Aylardır bölgede yaşanan savaş sonucunda yıkılan, gasp edilen kısacası işgal edilen pek çok alan AKP ve sermayedarları tarafından ihale ve diğer rant alanları için neredeyse kuyruk oluşturmuş durumda. Surları ve Hevsel Bahçeleri ile UNESCO Dünya Kültür Mirası Listesi’nde olan ilçe; halkını kendi topraklarından, yaşam alanlarından sürgün etirilerek yeniden inşa edilmeye çalışılıyor. İlçe riskli alan olarak görüleceğinden böylelikle halkın evi-yurdu hakkında yargıya gitme yolu da kapatılmış oluyor. Sonuç olarak toplumun direnişini kırmak adına Torba Kanun’da yer alan pek çok düzenleme Sur başta olmak üzere Doğu ve Güneydoğu bölgelerini, Karadeniz’den Ege’ye kadar Türkiye’nin her bölgesinin yaşam alanını elinden alıyor, kent ve doğa talanına meşru zemin sağlıyor.

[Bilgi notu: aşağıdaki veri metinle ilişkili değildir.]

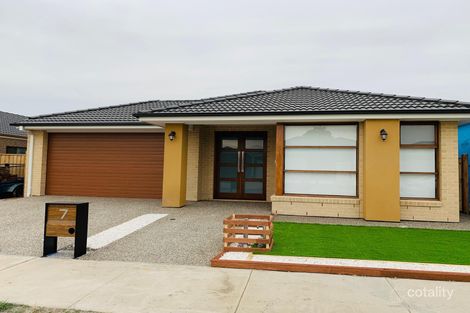 7 Charnwood St, Mickleham, VIC 3064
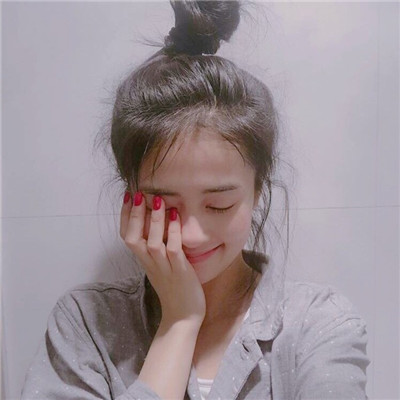 qq头像欧美女生彩色图片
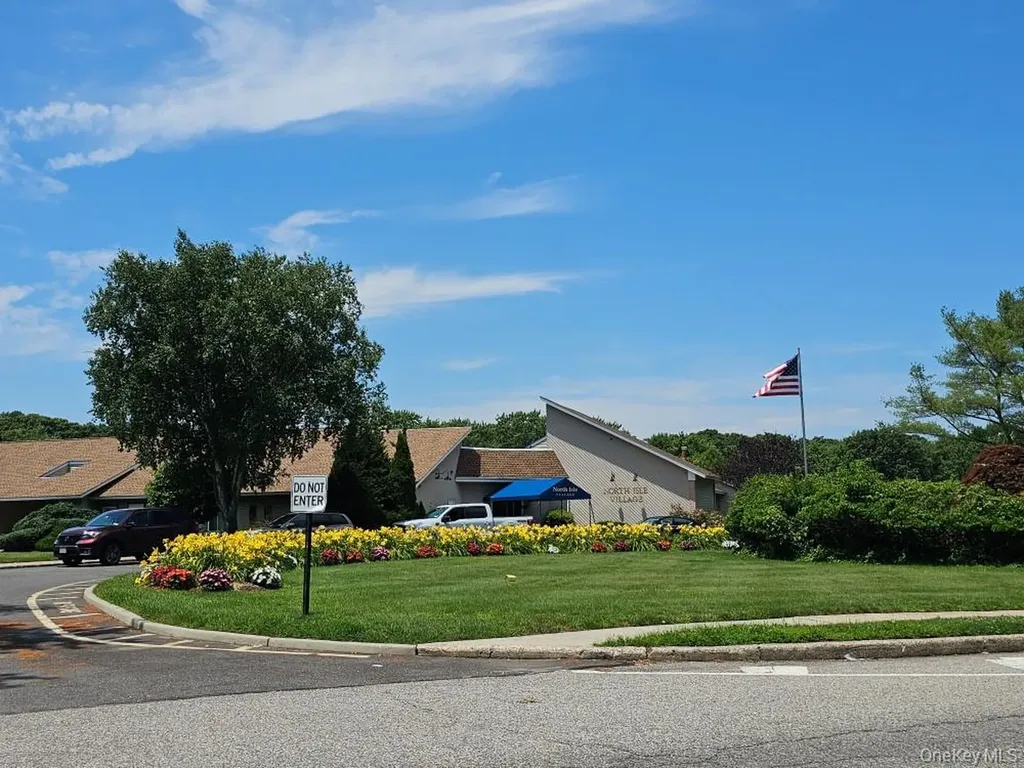 109 Pointe Circle S Coram NY 11727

Yasa ile iktidar resmen suç işliyor ve toplumu suçlu ilan ediyor. Marx’ın da dediği gibi “Yoksulluğu azaltmadan zenginliği arttıran ve suç işleme bakımından,sayılardan daha hızlı artış gösteren bir toplumsal sistemin özünde çürümüş birşeylerin olması gerekir.”